Cynsations

Guest Post: Liz Garton Scanlon and Audrey Vernick on Co-Writing Picture Books

By Liz Garton Scanlon and Audrey Vernick

Liz Garton Scanlon and Audrey Vernick

“Writing is a solitary occupation and one of its hazards is loneliness.” – Joyce Carol Oates

“The writing life is essentially one of solitary confinement.” – Will Self

“Writing is an antisocial act.” – Martha Grimes

Writing.

Solitary, lonely, antisocial – except for when it’s not.

Erin, Audrey and Liz at the Writing Barn

Most of us choose to write partly because we don’t mind (read: are desperate for) some alone time. But even antisocial writers wearing sweats and old socks know that sometimes, two heads are better than one.

A few years ago, we were agent-mates with a mutually gushy appreciation for each other. Before long, we became accountability and commiseration partners. Then one day, our agent (Erin Murphy) said something about the two of us having a book baby together, and we were off to the races.

A lot of collaborators are married folks who write together over the kitchen table. Our method is more platonic and long distance. Wondering how that works?

Well… here are a few FAQs!

Do we use Google Docs? We do not.
Do we use the edit mode in Word? We do not.
Do we hash out each and every change over the phone? Nope. We don’t do that either.

This is what we do do:

We know for sure Matt did all the illustrations

One of us gets a brilliant idea and tosses it out to the other over email. It’s generally received with great enthusiasm because we’re game like that. Next comes maybe a title and a few lines in a Word doc – a beginning. And from then on, we’ve both got full-on freedom to make of the manuscript what we will. We take turns adding, omitting, and rearranging lines and phrases – without permission, explanation or conversation.

It’s kind of mad-cap. It’s kind of brutal. It’s kind of fun and insanely liberating.

Several days or weeks later, twelve or twenty-two drafts later, we have this shiny new thing that is neither hers nor mine, but ours.

And here’s one of the great and unexpected results of this practice: Somehow, we both find it easier to love that final product – maybe because we’re a little less hard on each other than we are on our own solo selves, maybe because someone else did half the work, or maybe just because we had such a good time all the way along.
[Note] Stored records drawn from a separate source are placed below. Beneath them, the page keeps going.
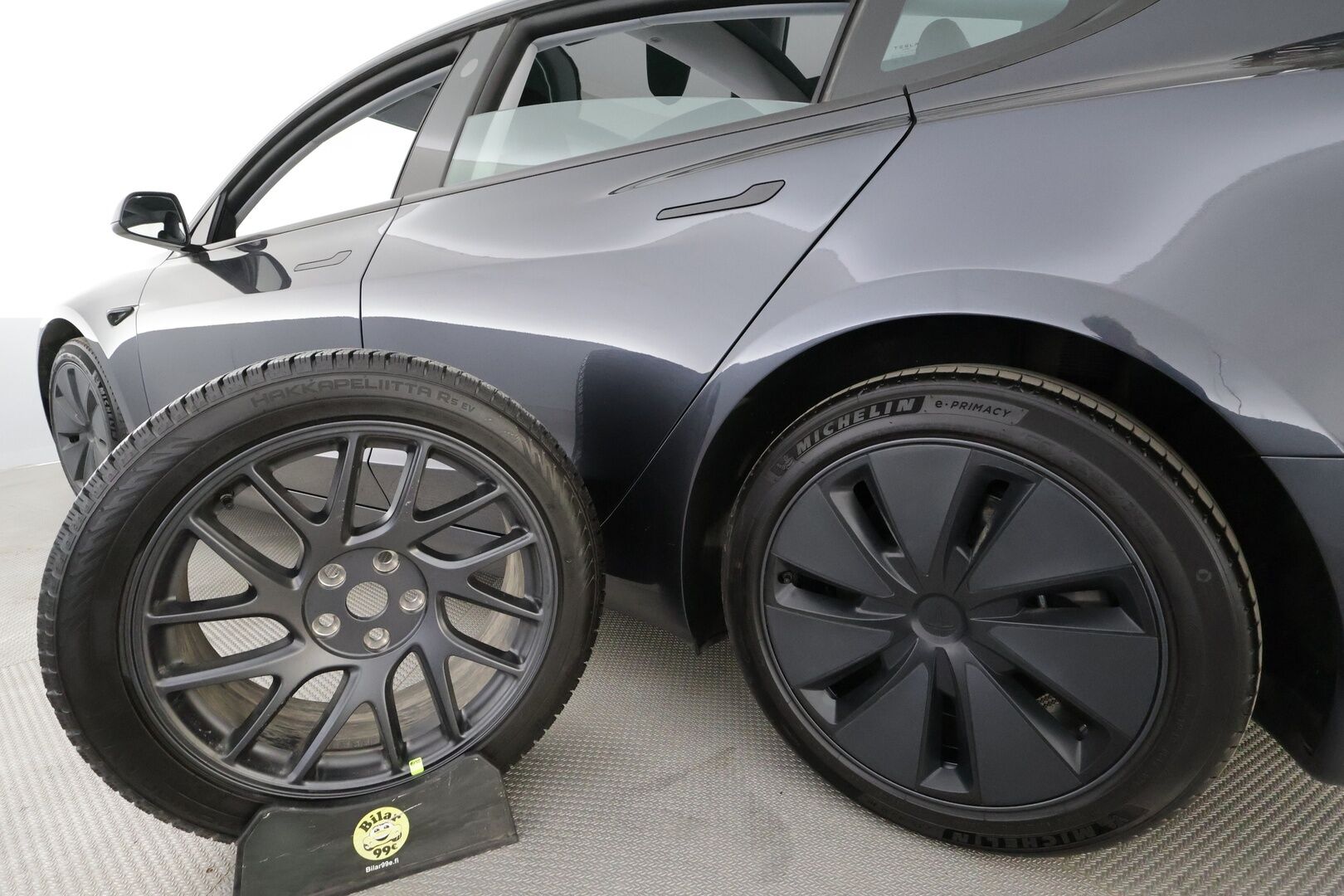 TESLA MODEL 3 2024 Long Range Dual Motor AWD Highland * ILP / Lasikatto / ACC / Matrix / P.Kamera / Ilmastoitu Muistipenkki / Premium Audio / Keyless * - Kahdet renkaat aluvanteilla / 2x Latauskaapelit - HULLUT AVAJAISHULINAT KORKOTARJOUS 3,29 %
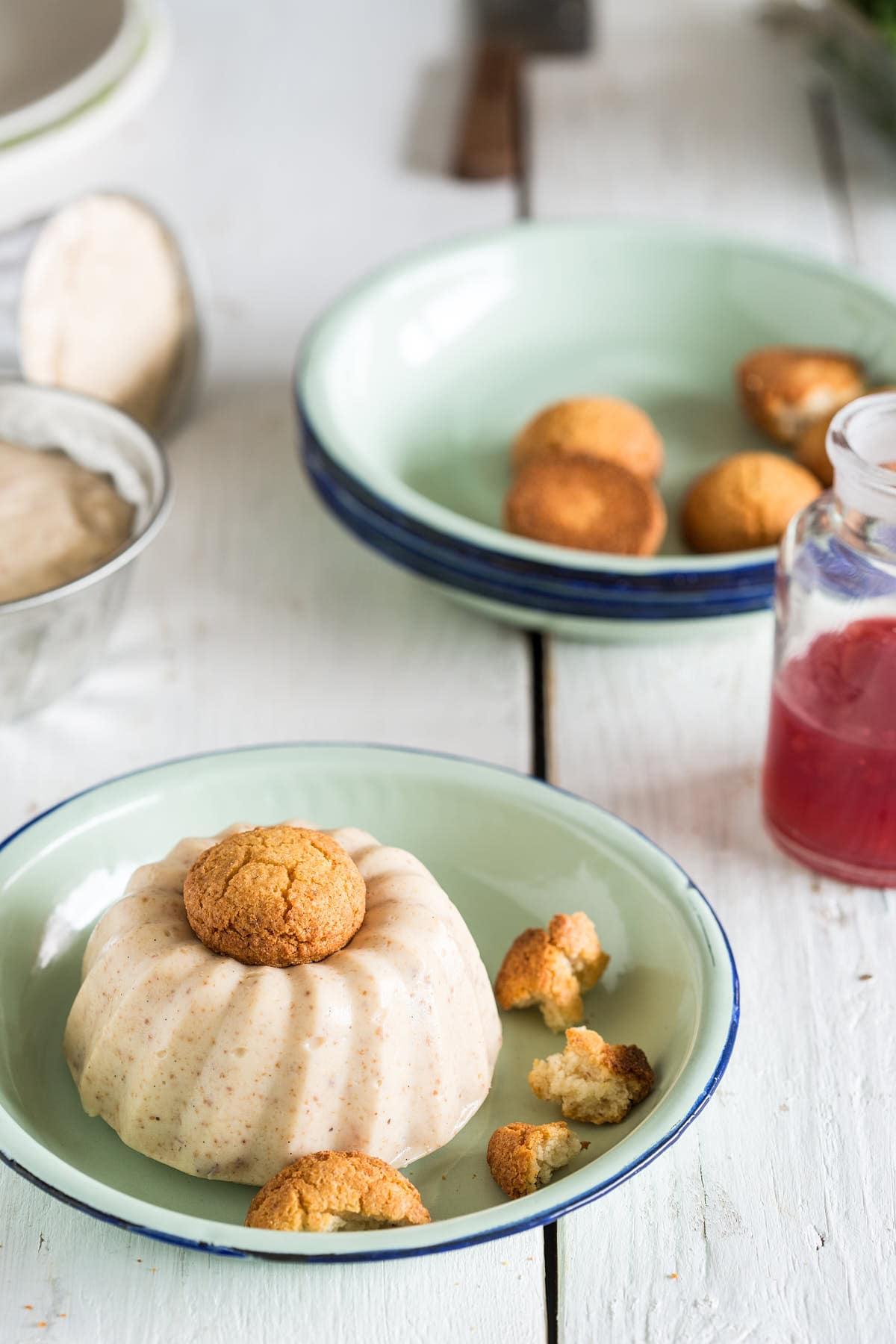 Dutch macaroon pudding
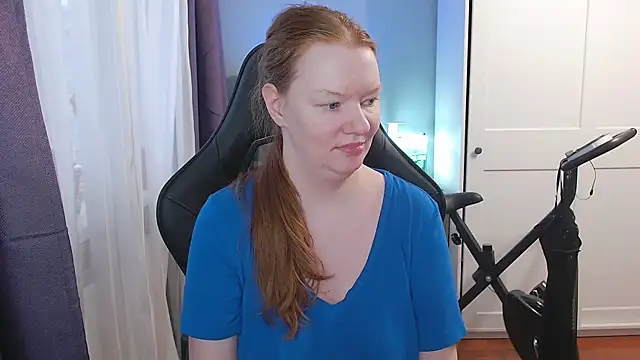 Snapshot of Lady_Inari chatting on November 29, 2025, 11:02 am Lady Inari online show from November 29, 2025, 11:02 am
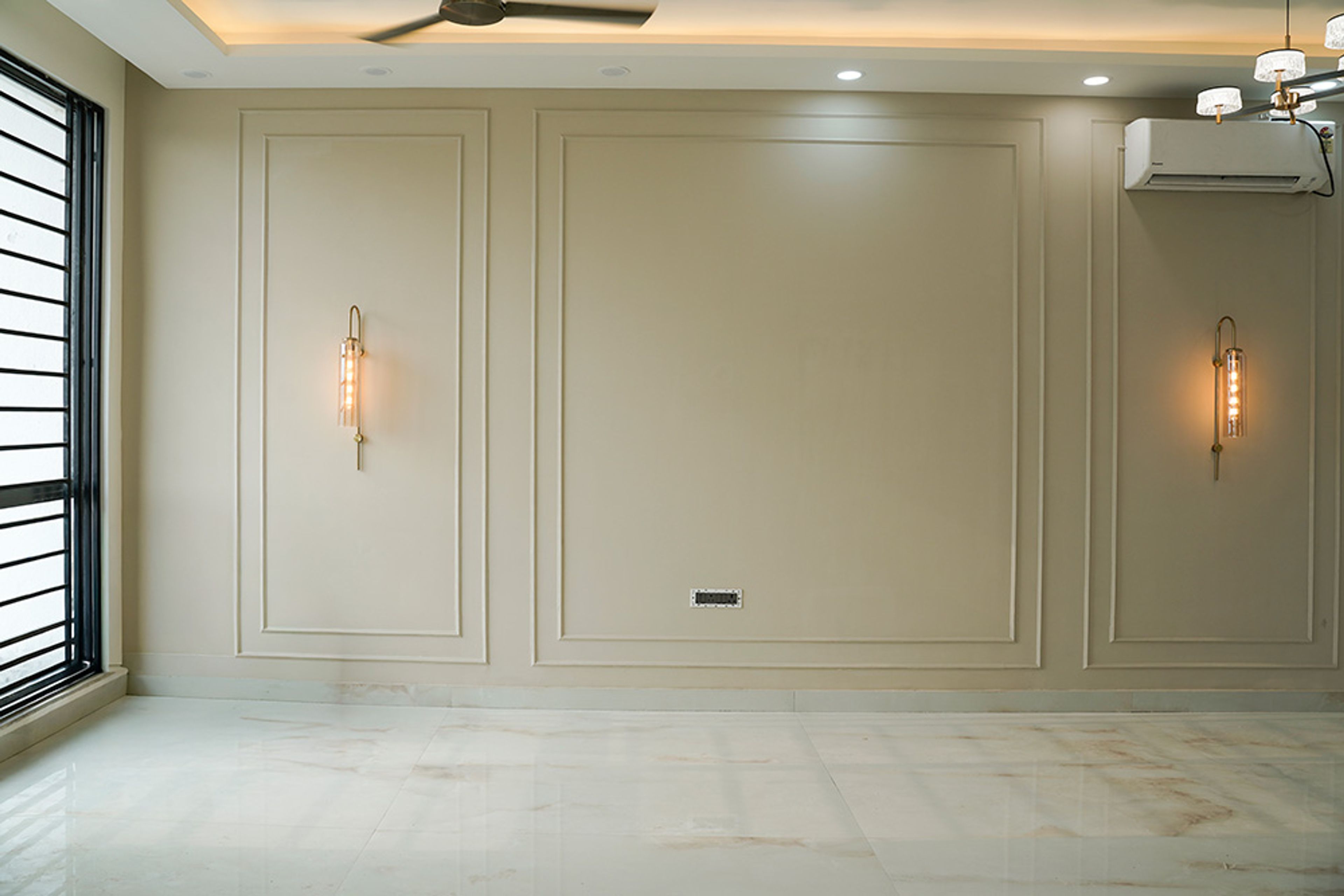 Cream Wall Design with Rectangular Trims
Even still, lots of our originally brilliant ideas end up on the cutting room floor. Which is why we’re particularly tickled to be celebrating the debut of Bob, Not Bob (Disney-Hyperion, 2017), illustrated by Matthew Cordell today. (Dear Substitute, illustrated by Chris Raschka, follows next year, also from Disney-Hyperion).

Now, who wrote what bits of those books – or what bits of this post? We wish we could stay to reveal that but we’ve got to back to our solitary, antisocial efforts now.

Thanks for having us!

Cynsational Notes


Bob, Not Bob received a starred review from Publishers’ Weekly. Peek: “Scanlon and Vernick
understand the way that being sick makes kids need comfort that they don’t usually need, how it makes them unrecognizable even to themselves, and the comfort a mother’s presence brings. Every page offers a giggle.”

Liz Garton Scanlon is the author of numerous beloved books for young people, including the highly-acclaimed, Caldecott-honored picture book All the World (Simon & Schuster, 2009), illustrated by Marla Frazee, and her debut novel for middle grade readers, The Great Good Summer (Simon & Schuster, 2015). She is a poet, teacher, and presenter at schools, libraries and conferences and a faculty member at Vermont College of Fine Arts. She grew up in Colorado and Wisconsin, and now lives with her husband and two daughters in Austin, Texas.

Audrey Vernick is the author of books for young readers, including the award-winning Brothers at Bat: The True Story of an Amazing All-Brother Baseball Team (Clarion, 2012), illustrated by Steven Salerno and the acclaimed novels Two Naomis (Balzer + Bray, 2016), co-authored by Olugbemisola Rhuday-Perkovich, Screaming at the Ump (Clarion, 2014) and Water Balloon (Clarion, 2011). She has also published more than a dozen picture books and speaks at conferences and elementary schools around the country. She lives near the ocean in New Jersey with her family.